Nothing before the line containing "Alloy Pull Back Car" belongs in the answer; quote that line and all lines after it through the end of the material, word for word.

------ DATA UNDER STUDY ------

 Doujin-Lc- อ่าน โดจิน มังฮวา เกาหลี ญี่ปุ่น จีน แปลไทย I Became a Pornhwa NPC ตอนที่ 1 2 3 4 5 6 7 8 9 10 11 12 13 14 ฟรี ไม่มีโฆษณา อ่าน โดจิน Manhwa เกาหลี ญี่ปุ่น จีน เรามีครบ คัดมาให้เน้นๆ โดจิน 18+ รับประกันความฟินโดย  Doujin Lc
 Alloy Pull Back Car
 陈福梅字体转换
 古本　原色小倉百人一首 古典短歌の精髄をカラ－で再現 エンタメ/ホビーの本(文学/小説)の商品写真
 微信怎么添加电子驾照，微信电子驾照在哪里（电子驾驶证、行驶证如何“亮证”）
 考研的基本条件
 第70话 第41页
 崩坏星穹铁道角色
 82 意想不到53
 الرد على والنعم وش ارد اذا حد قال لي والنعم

------

ANSWER SPACE =>
 Alloy Pull Back Car
 陈福梅字体转换
 古本　原色小倉百人一首 古典短歌の精髄をカラ－で再現 エンタメ/ホビーの本(文学/小説)の商品写真
 微信怎么添加电子驾照，微信电子驾照在哪里（电子驾驶证、行驶证如何“亮证”）
 考研的基本条件
 第70话 第41页
 崩坏星穹铁道角色
 82 意想不到53
 الرد على والنعم وش ارد اذا حد قال لي والنعم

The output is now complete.